▶ _What is needed_
Give again the lines of the data from its first line through the line with "bokomslag Das Eichhörnchenjahr". Change nothing.

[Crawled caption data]
+-------+

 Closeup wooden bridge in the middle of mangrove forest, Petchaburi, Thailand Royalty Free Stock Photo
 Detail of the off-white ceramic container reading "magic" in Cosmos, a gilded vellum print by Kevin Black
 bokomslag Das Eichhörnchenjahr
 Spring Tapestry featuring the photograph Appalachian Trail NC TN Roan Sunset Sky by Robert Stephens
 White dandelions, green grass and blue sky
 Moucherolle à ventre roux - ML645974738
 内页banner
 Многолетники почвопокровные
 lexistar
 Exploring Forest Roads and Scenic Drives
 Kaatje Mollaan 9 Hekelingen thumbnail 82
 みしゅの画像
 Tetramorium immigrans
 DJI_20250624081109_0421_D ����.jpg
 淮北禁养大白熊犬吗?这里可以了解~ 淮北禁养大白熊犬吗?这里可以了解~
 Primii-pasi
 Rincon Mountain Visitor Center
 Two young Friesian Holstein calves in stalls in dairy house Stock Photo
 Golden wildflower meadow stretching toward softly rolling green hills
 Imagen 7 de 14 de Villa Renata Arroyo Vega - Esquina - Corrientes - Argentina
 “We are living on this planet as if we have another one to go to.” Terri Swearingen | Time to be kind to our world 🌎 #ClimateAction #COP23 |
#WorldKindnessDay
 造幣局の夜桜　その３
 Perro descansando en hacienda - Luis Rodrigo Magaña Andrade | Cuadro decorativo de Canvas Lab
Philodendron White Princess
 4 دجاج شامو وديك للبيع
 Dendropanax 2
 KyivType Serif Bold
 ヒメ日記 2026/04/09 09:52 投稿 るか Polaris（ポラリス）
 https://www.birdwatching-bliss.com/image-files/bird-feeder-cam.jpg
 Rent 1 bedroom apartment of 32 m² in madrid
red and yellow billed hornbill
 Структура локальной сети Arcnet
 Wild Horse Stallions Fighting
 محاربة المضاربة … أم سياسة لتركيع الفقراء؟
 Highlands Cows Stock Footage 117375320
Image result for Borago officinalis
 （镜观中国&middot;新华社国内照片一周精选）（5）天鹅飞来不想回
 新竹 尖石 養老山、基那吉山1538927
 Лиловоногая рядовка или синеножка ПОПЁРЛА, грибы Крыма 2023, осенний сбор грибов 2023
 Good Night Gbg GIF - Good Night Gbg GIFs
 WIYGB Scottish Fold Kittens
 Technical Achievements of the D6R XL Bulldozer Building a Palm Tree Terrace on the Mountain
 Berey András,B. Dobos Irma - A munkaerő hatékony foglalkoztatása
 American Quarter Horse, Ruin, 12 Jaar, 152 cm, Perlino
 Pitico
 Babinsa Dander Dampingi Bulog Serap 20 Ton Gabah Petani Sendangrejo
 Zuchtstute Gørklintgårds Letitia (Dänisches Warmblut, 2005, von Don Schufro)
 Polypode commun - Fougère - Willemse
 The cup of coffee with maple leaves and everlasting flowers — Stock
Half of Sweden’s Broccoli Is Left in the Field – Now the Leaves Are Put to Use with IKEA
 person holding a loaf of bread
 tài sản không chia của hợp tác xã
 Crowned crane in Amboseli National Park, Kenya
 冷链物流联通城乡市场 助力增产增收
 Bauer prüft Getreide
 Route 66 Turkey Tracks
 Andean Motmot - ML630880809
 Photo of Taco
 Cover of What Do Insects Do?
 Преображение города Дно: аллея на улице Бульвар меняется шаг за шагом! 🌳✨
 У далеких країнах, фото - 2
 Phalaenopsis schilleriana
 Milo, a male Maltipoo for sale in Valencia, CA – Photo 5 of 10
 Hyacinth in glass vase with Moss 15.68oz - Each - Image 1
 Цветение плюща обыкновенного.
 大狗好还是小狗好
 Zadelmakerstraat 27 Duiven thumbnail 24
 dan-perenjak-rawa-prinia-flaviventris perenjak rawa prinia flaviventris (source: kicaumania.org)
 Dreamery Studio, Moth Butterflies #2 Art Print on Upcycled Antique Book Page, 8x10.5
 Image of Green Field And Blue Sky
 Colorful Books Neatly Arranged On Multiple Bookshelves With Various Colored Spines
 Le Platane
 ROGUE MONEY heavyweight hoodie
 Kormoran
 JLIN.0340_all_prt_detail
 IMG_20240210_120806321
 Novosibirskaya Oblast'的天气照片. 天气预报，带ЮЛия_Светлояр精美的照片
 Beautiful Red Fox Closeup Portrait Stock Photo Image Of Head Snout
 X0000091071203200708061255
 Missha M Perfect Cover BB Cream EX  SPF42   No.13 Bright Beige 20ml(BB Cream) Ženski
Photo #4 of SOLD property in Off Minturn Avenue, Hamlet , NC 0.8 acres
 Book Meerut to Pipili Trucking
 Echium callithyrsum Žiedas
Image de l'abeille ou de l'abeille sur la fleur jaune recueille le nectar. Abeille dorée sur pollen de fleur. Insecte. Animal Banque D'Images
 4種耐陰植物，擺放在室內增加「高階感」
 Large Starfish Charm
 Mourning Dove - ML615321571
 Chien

+-------+

▶ _Response area_
 Closeup wooden bridge in the middle of mangrove forest, Petchaburi, Thailand Royalty Free Stock Photo
 Detail of the off-white ceramic container reading "magic" in Cosmos, a gilded vellum print by Kevin Black
 bokomslag Das Eichhörnchenjahr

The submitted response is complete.